Removes redundant metabolites from stoichiometric matrix and from list of metabolite names. Writes compression information to log file. (https://academic.oup.com/bioinformatics/article/24/19/2229/246674)

Parameters:
  • smatrix – sympy matrix that contains the stoichiometric matrix
  • metabolites (list) – list of metabolite names
  • redundant_metas (list) – list of metabolites to be removed
Returns:

  • smatrix - sympy matrix reduced stoichiometric matrix
  • metabolites - list of reduced metabolite names

efmlrs.preprocessing.compressions.echelon.run(smatrix, metabolites)[source]

Entry point for echelon compression.

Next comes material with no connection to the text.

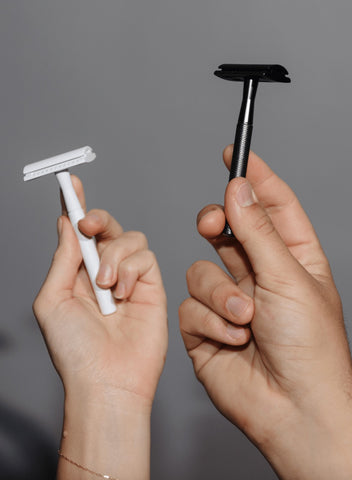 Two hands holding (left) white safety razor and (right) black safety razor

Iteratively finds inconsistencies due to conservation relations of metabolites in the reduced row echelon form of the stoichiometric matrix and removes them.

Parameters:
  • smatrix – sympy matrix that contains the stoichiometric matrix
  • metabolites (list) – list of metabolite names
Returns:

  • smatrix - sympy matrix reduced stoichiometric matrix
  • metabolites - list of reduced metabolite names

efmlrs.preprocessing.compressions.null_space module
efmlrs.preprocessing.compressions.one2many module
Module contents
Submodules
efmlrs.preprocessing.boundaries module
efmlrs.preprocessing.boundaries.add_boundary_names(bounds_info)[source]

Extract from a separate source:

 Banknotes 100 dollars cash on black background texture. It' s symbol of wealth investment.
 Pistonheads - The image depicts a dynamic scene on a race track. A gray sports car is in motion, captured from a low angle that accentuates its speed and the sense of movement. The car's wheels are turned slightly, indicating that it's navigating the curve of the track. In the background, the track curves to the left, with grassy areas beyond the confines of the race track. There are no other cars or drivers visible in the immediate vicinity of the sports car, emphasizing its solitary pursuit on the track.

Extends reaction name for reactions with additional bounds by adding “min” or “max” to lower respectively upper bounds.

Parameters:bounds_info – dictionary containing information on reaction and associated bounds
Returns:dictionary containing information on reaction bounds with extended reaction name
efmlrs.preprocessing.boundaries.build_new_metas(bounds, meta_ori)[source]

Builds new list of metabolite names including slack metabolites.

Parameters:
  • bounds – dictionary with bound information
  • meta_ori – list of metabolite names
Returns:

new_metas list of metabolite names including added slack metabolites

efmlrs.preprocessing.boundaries.build_new_reas(bounds, reas_ori)[source]

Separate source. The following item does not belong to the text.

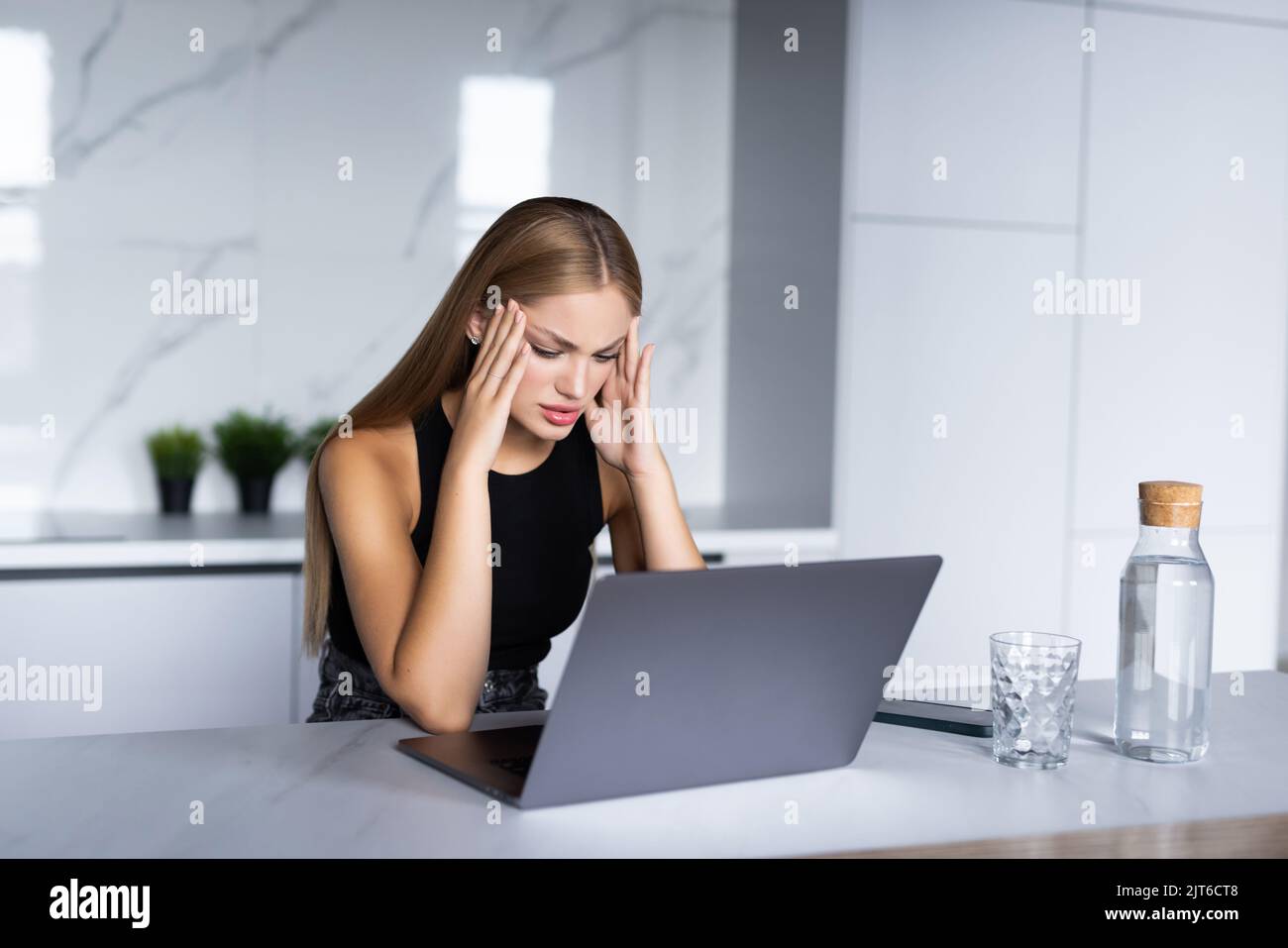Young woman thinking over domestic paperwork, sitting at laptop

Builds new list of reaction names including slack metabolites.

Parameters:
  • bounds – dictionary with bound information
  • reas_ori – list of reactions names
Returns:

new_reas list reaction names including added slack reactions

efmlrs.preprocessing.boundaries.build_new_reversibilities(bounds, revs_ori)[source]

Builds new list of reaction reversibilities. All added reaction are irreversible.

Parameters:
  • bounds – dictionary with bound information
  • revs_ori – list of reaction reversibilities
Returns:

new_revs list of reaction reversibilities including added slack reactions

efmlrs.preprocessing.boundaries.build_new_smatrix(smatrix, bounds, reactions)[source]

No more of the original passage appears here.